You've gotten used to being asked to turn on your laptop as you go through airport security so the authorities can confirm it's really a computer and not a bomb. But you may not expect, on returning home from abroad, to have U.S. Customs demand your computer password so they can scrutinize your computer's contents, make a mirror image of your entire hard drive, or "temporarily" seize your laptop.
Start expecting it. Customs has been making such demands and engaging in such invasive searches and seizures. And last week the Ninth Circuit Court of Appeals held that the government has unfettered discretion to do so, with no requirement of reasonable suspicion to think you or your computer are implicated in any criminal activity. United States v. Arnold, No. 06-50581 (9th Cir. April 21, 2008). In Arnold, the officer booted up the defendant's computer and opened up folders called "Kodak Pictures" and "Kodak Memories." On seeing two images of nude women, the officer called in agents of Homeland Security to question Arnold and further search his computer. After finding numerous images of alleged child pornography, the officials seized the laptop, and eventually Arnold was criminally charged. The district court granted Arnold's motion to suppress the evidence on the ground that the search was not justified by any reasonable suspicion. The Ninth Circuit reversed. (Arnold reportedly plans to petition for rehearing en banc.)

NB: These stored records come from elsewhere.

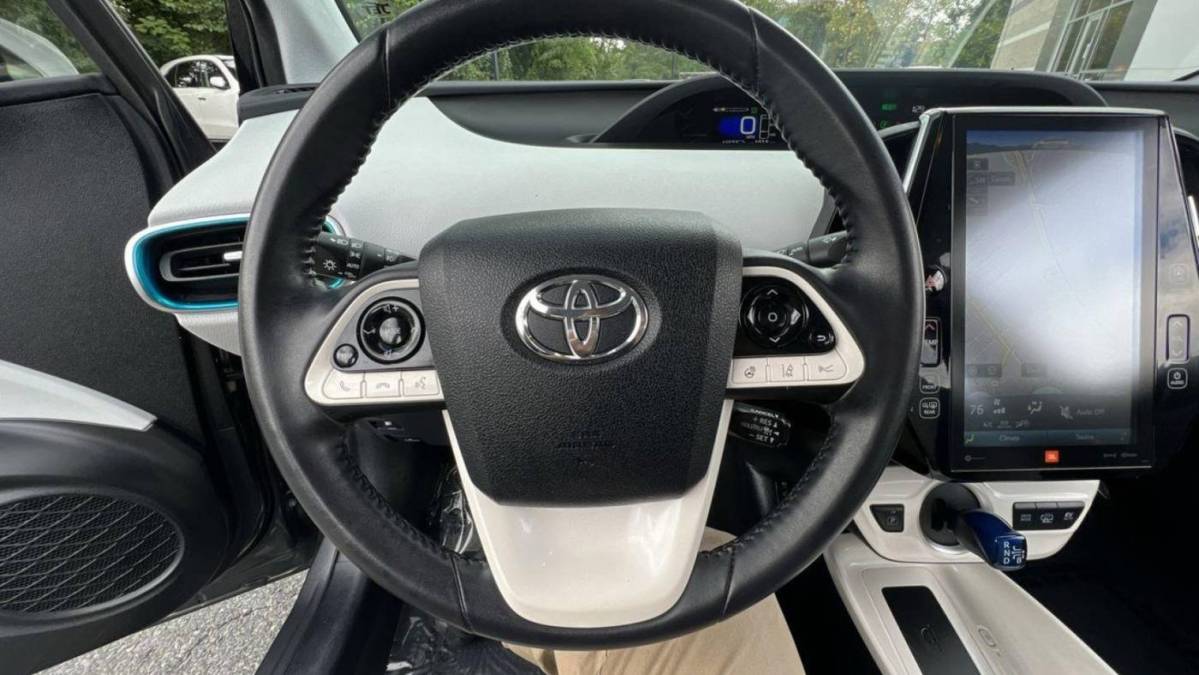 2018 Toyota Prius Prime JTDKARFP6J3072724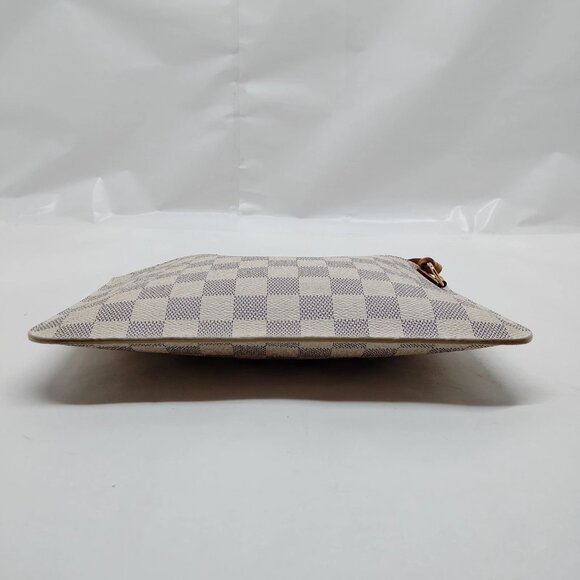 Authentic Louis Vuitton Neverfull Accessory Pouch LCMON206-112025 - Picture 5 of 9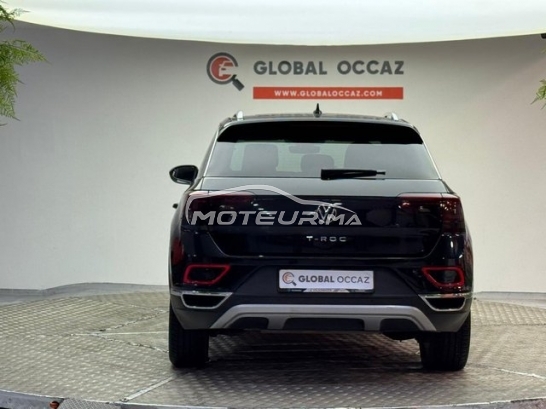 VOLKSWAGEN T-roc مستعملة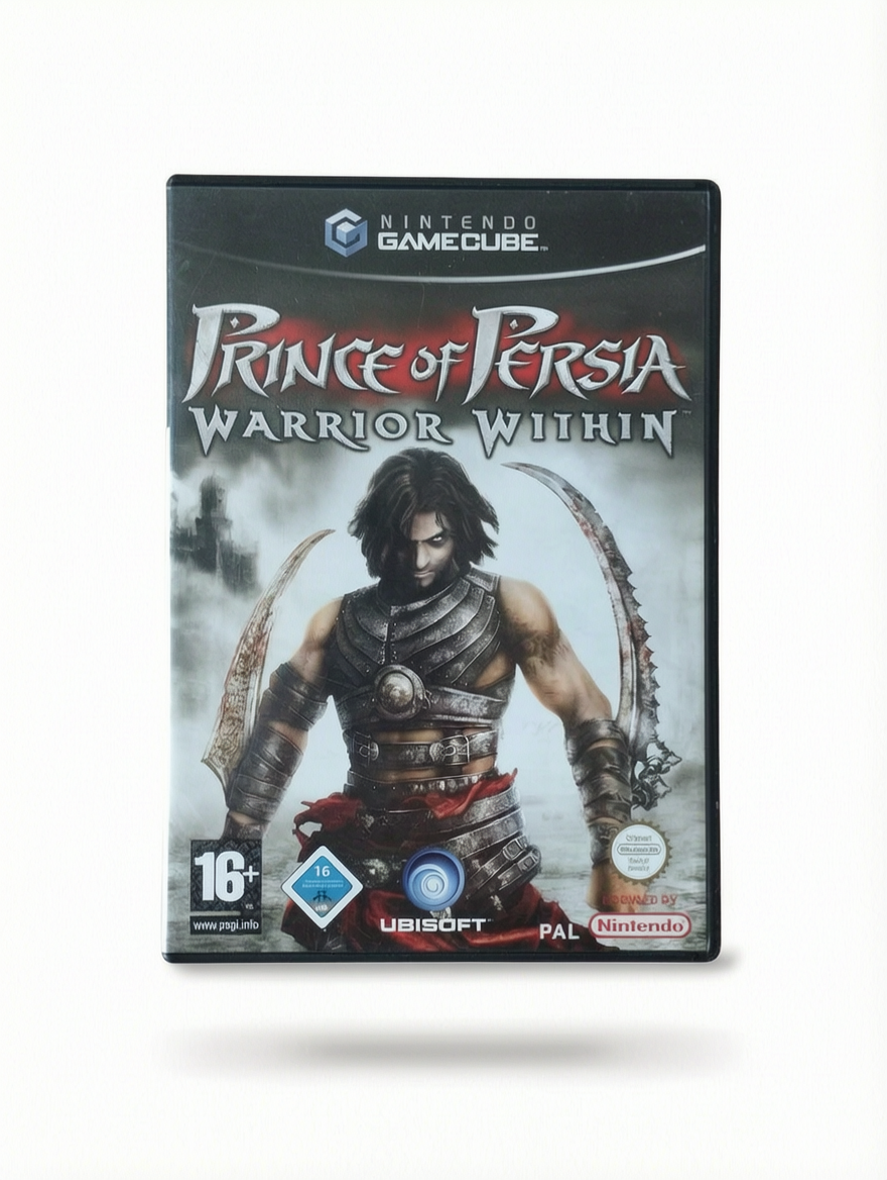 Prince of Persia : L'Ame du Guerrier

The Ninth Circuit's logic and holding. The court reasoned that the Fourth Amendment's protection against unreasonable searches and seizures simply does not apply to searches at the border (or at airports of entry). As the Supreme Court has held, "The authority of the United States to search the baggage of arriving international travelers is based on its inherent sovereign authority to protect its territorial integrity." It follows, the Supreme Court has stated, that as a general matter "searches made at the border … are reasonable simply by virtue of the fact that they occur at the border." Customs therefore has discretion to search luggage and the goods of incoming travelers for any reason or no reason, without any showing of reasonable suspicion. It makes no difference, concluded the Ninth Circuit, that a searched "container" holds vast amounts of personal or confidential business information: "Arnold has failed to distinguish how the search of his laptop and its electronic contents is logically any different from the suspicionless border searches of travelers' luggage that the Supreme Court and we have allowed."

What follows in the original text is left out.